The cancer cure is probably just as silly. It is possible that the metals might be selectively attracted to the tumors, but he probably didn't determine that at 3am. And if they are, then it would probably be better to attach something toxic to them than to try to heat them with RF.

Reply to
Toller

On May 31, 4:23 pm, "Toller" wrote: r

Just someone's scam, don'tcha know. Not that I wouldn't want it to be true, mind you. Tom

Reply to
tom

bad that every one of them requires more energy than is produced by recombining them into water.

Reply to
Larry W

There isn't anything new about splitting water into hydrogen and oxygen, then burning the hydrogen.

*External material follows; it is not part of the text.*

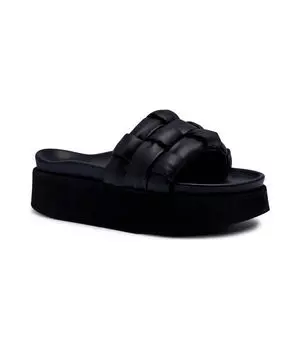 Тапочки мягкие плетеные Inuikii, черный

Trouble is, it's impossible to get as much energy back out of burning the hydrogen as you have to put into the water to decompose it in the first place.

Reply to
Doug Miller

I think there must be something else going on. Correct me if I'm wrong, but I seem to remember that the flame produced by hydrogen burning is nearly colorless?? What was making his flame so red?

Wayne

Reply to
NoOne N Particular

| I think there must be something else going on. Correct me if I'm | wrong, but I seem to remember that the flame produced by hydrogen | burning is nearly colorless?? What was making his flame so red?

WAG: There's a surplus of hydrogen available and the flame is cooler than if there'd been more oxygen.

Kind of like the way an acetylene flame changes color (colour, eastponders) as you adjust the oxygen flow on a welding torch.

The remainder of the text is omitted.